Nos expressamos porque…
Se perguntarmos a um grupo diverso de pessoas a que propósito serve o direito a liberdade de expressão e por que o protegemos, é provável que recebamos respostas apontando em diversos sentidos. Nos expressamos por indignação. Porque queremos mudar o mundo. Porque precisamos mostrar ao mundo quem somos. Porque necessitamos entender como o mundo nos vê. Porque precisamos nos comunicar e porque dependemos do outro.
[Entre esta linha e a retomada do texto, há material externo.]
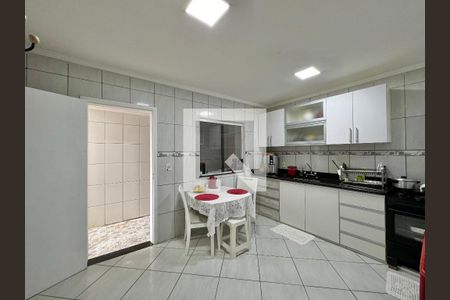 Casa de condomínio à venda com 180m², 3 quartos e 2 vagasCozinha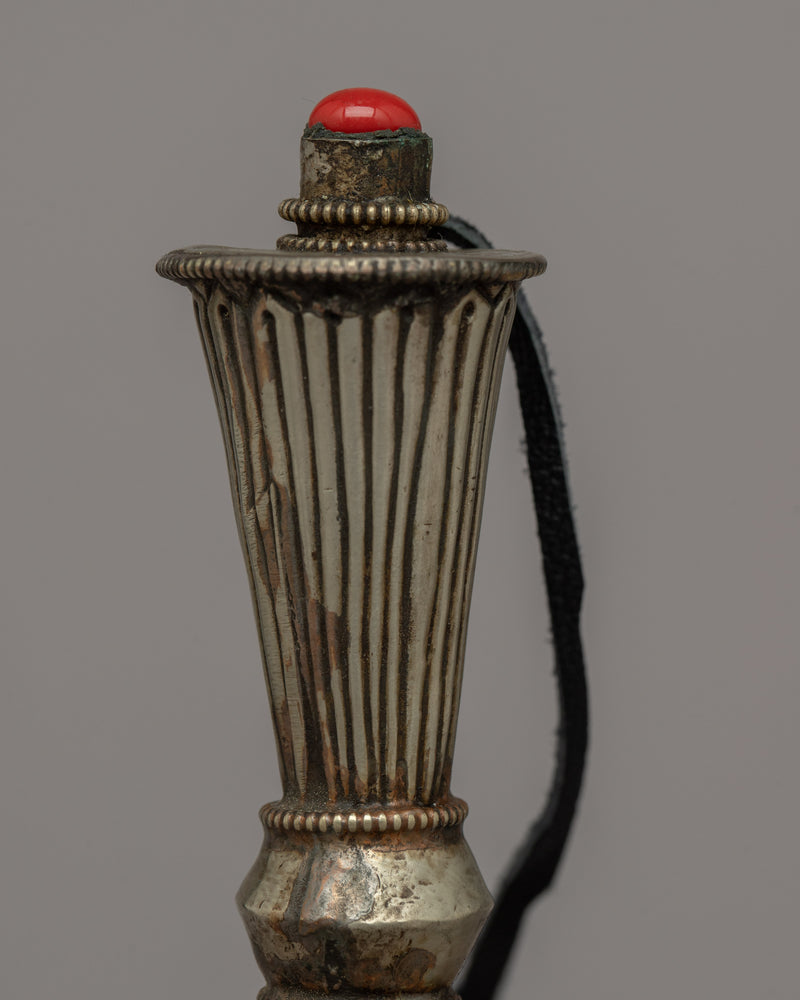 Tibetan Snuffer Bottle | Intricate Handcrafted Decorative Container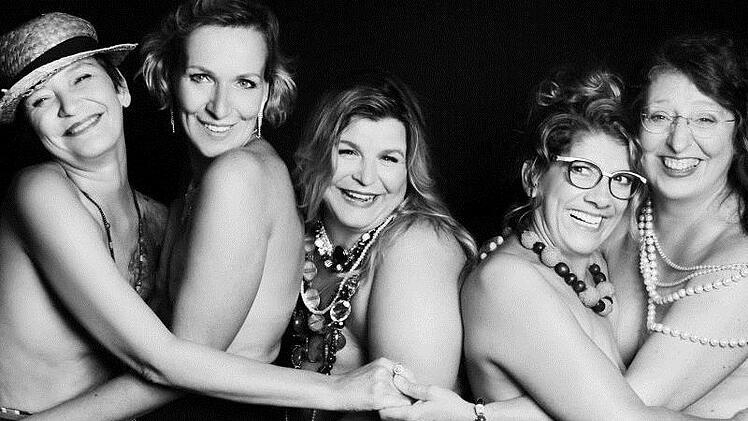 Das Projekt "schön & stark - Frauen mit Krebs" der Fotografin Franziska Günther soll Frauen, die durch die Diagnose Brustkrebs am Boden zerstört sind, ein Stück Weiblichkeit zurückgeben. Mit dabei ist die Kulmbacherin Silke Kreß (Zweite von links), die sich als Mutmacherin im Verein Pink Ribbon Deutschland engagiert. Foto: Franziska Günther Fotografie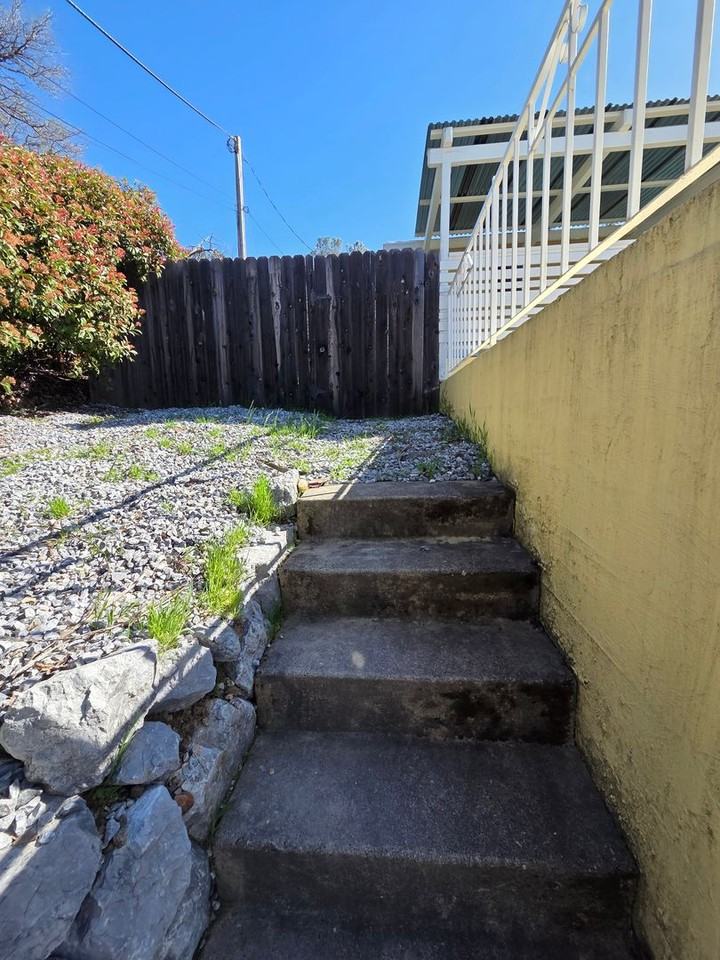 19090 Hollow Ln - Photo 5 of 50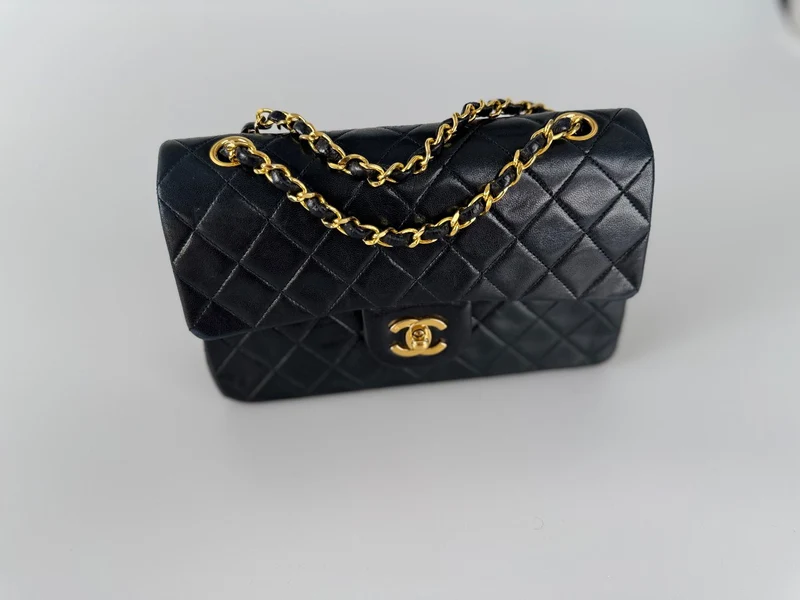 Chanel Vintage zeitlose Flap Bag klein schwarz golden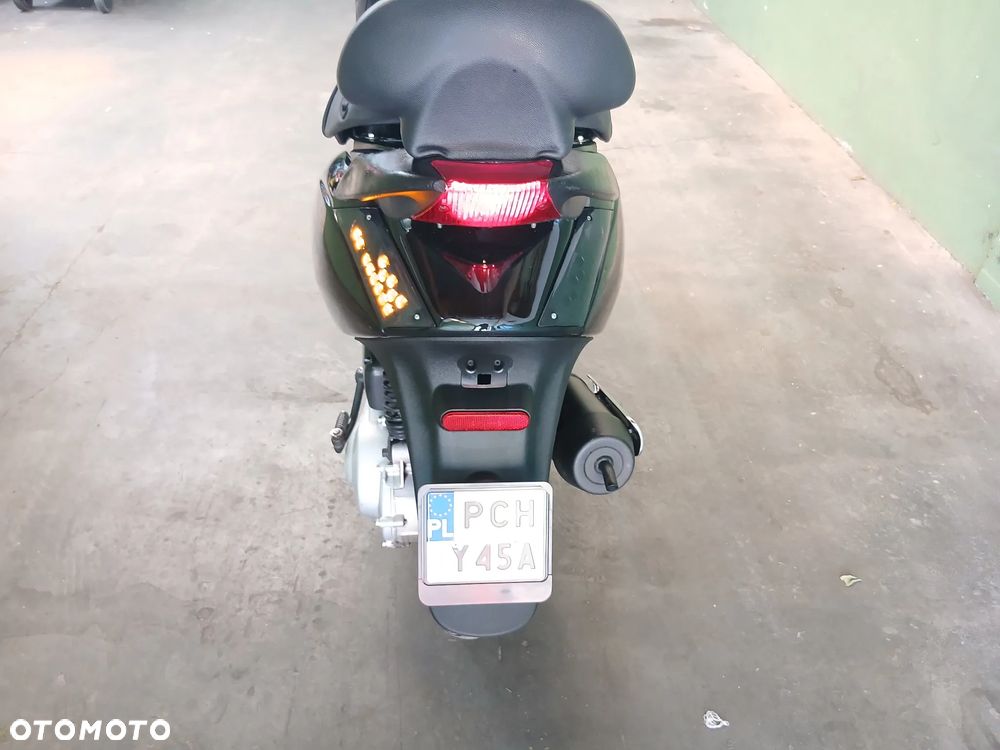 Piaggio ZIP - 4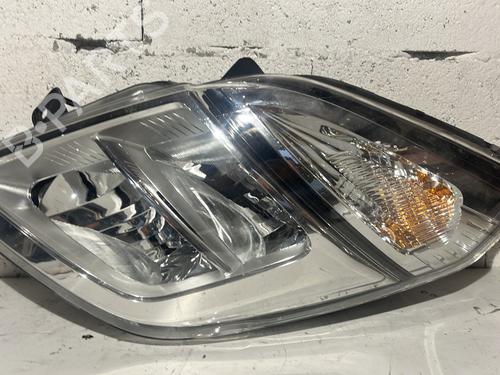 Used Left headlight NISSAN NV400 Van (X62, X62B) dCi 135 (136 hp) 32086911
As justificativas são tantas que jamais caberiam nessas breves linhas. Mas cada uma delas e as tantas outras imagináveis carregam elementos de um debate que se desenrola pelo menos há quatro séculos, mesmo entre especialistas, e com um impacto profundo sobre a forma como nos organizamos em sociedade. Um debate de primeira importância para entendermos quais os limites do que podemos dizer, seja na Internet, numa folha de papel ou gritando com todo o ar de nossos pulmões.
Uma breve viagem histórica – sujeita, portanto, a reducionismos e imprecisões – nos ajuda a compreender as dimensões e fundamentos da livre expressão no Brasil e no mundo ocidental. Para tanto, precisamos nos transportar ao momento de questionamento das monarquias europeias, que sustentavam seus poderes em larga medida a partir de justificativas religiosas ou transcendentais. Nesse momento, a contestação do poder monárquico passava pela desconstrução de dogmas religiosos, evidenciando como a ideia de liberdade de expressão tem, na sua origem, uma importante associação com a própria noção de liberdade religiosa.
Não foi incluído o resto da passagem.